Hello,
The way opengl states are managed in wined3d at the moment is a bit messy and inefficient. Basically it is a mixture of modifying the opengl settings when the application modifies the d3d settings and brute-force applying the rest in drawprim. The situation has got worse with the addition of the DirectDraw blitting code and it is time to clean that up and make it more efficient.
Basically during primitive drawing the opengl setup must equal the one requested by the application. Some things can be translated 1:1, e.g. WINED3DRS_LIGHTINGENABLE to glEnable(GL_LIGHTING). Other things like fog or texture stage states are more complex.

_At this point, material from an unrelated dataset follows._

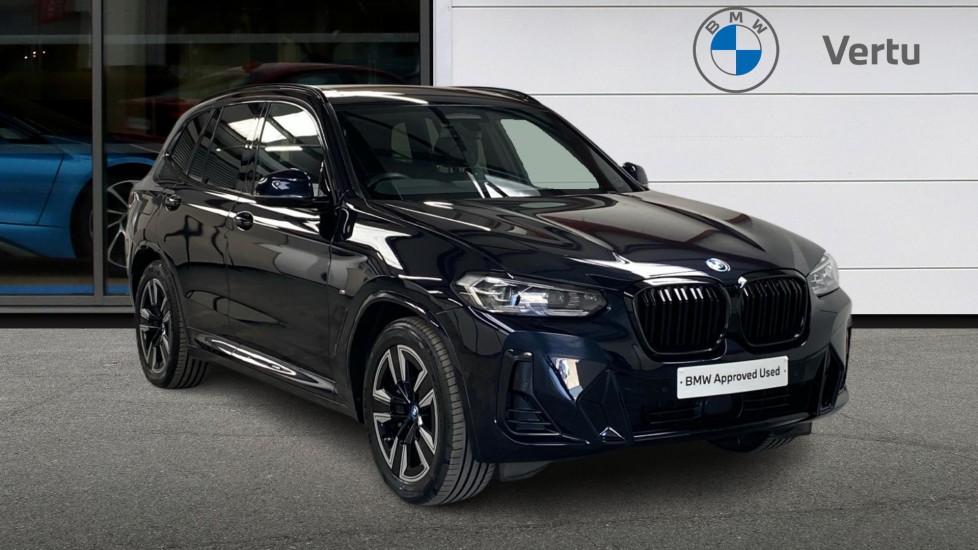 2023 BMW IX3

Some operations in wined3d, for example unlocking a render target or doing a 2D blt require special opengl settings.
At the moment we have the following situation: * Some things are applied when the app requests a change * Some parts are applied by brute force in drawPrimitive * BltOverride and unlockRect read the old gl states, modify it the way they need it and restore the old states back.
This has some problems: * Setting some things during each drawprim call wastes quite a few resources, due to the loops that and gl calls. * If an application performs only blts(e.g. 2D only app) or only locks the render target(playing a movie) storing and restoring the gl state is a waste of resources * Brute force applying opengl states is likely to re-set the old state unnecessarily. Opengl does not assure that redundant calls are cheap. * if an application sets and resets a state for some reason between 2 drawprim calls that involves 2 not really necessary opengl state switches * Anything else I didn't think of?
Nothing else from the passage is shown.